[[ Dataset extract, beginning ]]

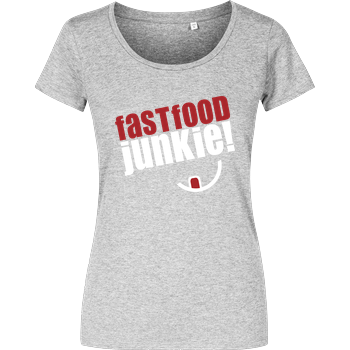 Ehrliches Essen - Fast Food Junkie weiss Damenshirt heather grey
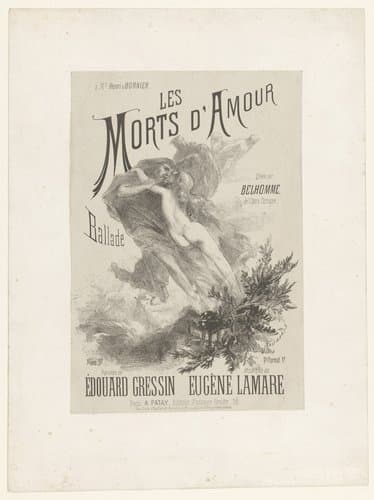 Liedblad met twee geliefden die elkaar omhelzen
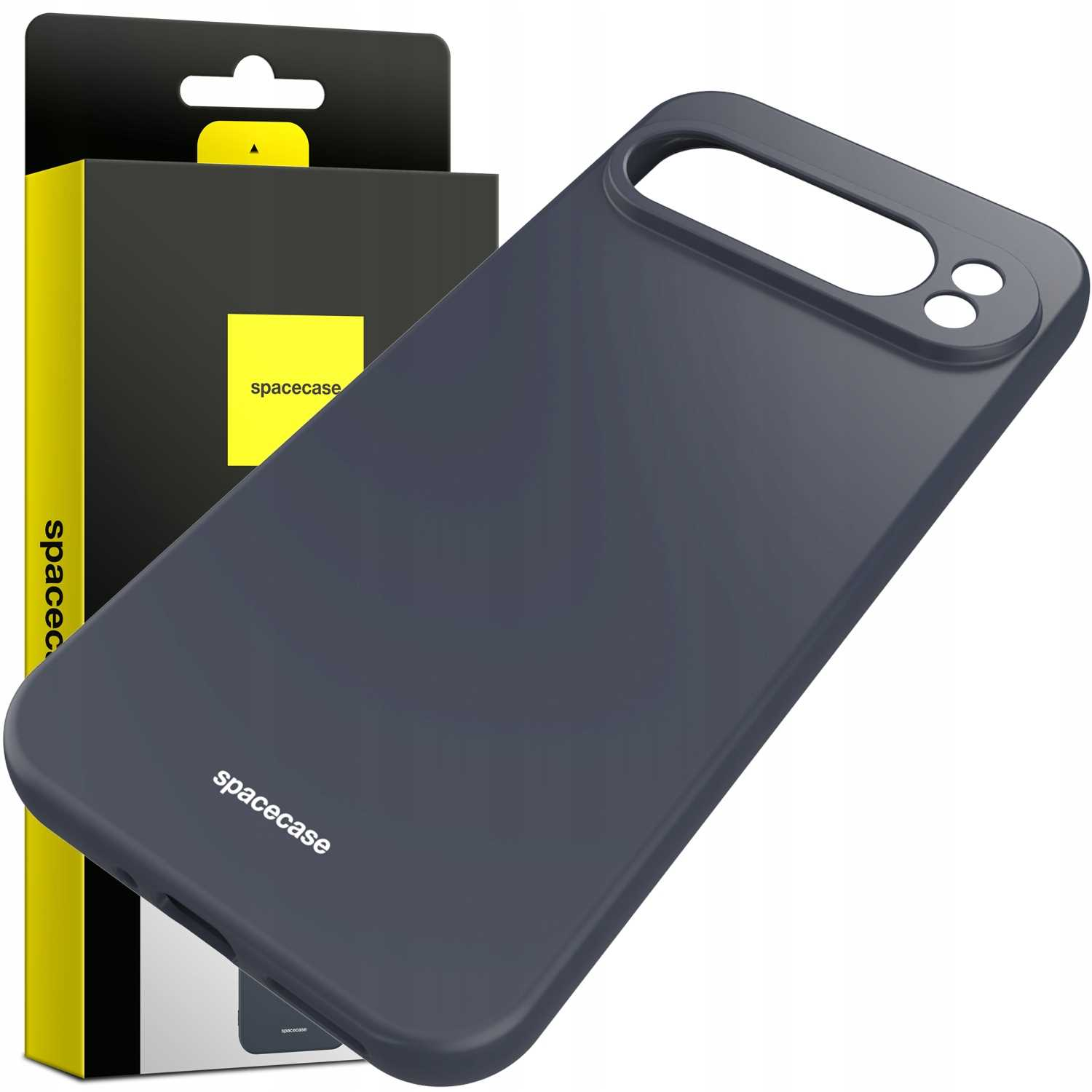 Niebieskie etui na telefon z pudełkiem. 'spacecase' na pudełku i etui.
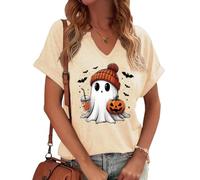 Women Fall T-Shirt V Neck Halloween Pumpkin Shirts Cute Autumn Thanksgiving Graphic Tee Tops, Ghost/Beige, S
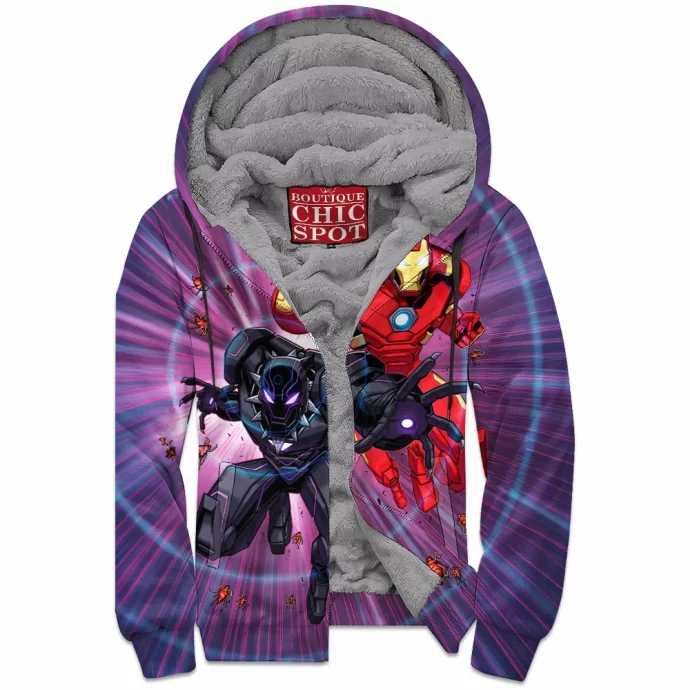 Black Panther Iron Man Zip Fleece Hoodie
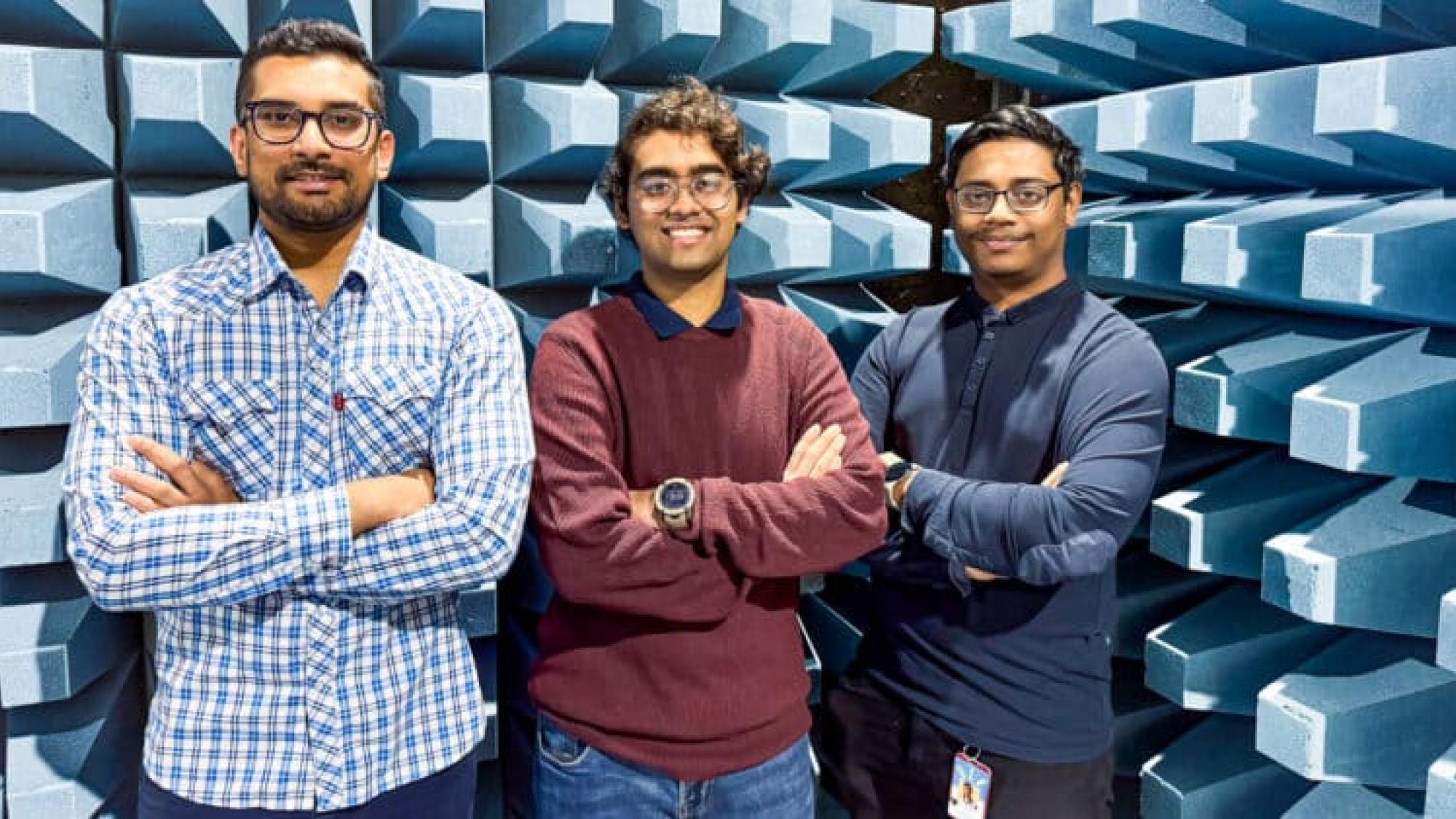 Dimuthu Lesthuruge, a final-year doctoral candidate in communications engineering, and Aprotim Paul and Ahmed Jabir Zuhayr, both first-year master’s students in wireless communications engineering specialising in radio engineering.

[[ Dataset extract, end ]]

- Required action -
From the first line to the last, output the data exactly, without the pictures.

- Problem solution -
 Ehrliches Essen - Fast Food Junkie weiss Damenshirt heather grey
 Liedblad met twee geliefden die elkaar omhelzen
 Niebieskie etui na telefon z pudełkiem. 'spacecase' na pudełku i etui.
 Women Fall T-Shirt V Neck Halloween Pumpkin Shirts Cute Autumn Thanksgiving Graphic Tee Tops, Ghost/Beige, S
 Black Panther Iron Man Zip Fleece Hoodie
 Dimuthu Lesthuruge, a final-year doctoral candidate in communications engineering, and Aprotim Paul and Ahmed Jabir Zuhayr, both first-year master’s students in wireless communications engineering specialising in radio engineering.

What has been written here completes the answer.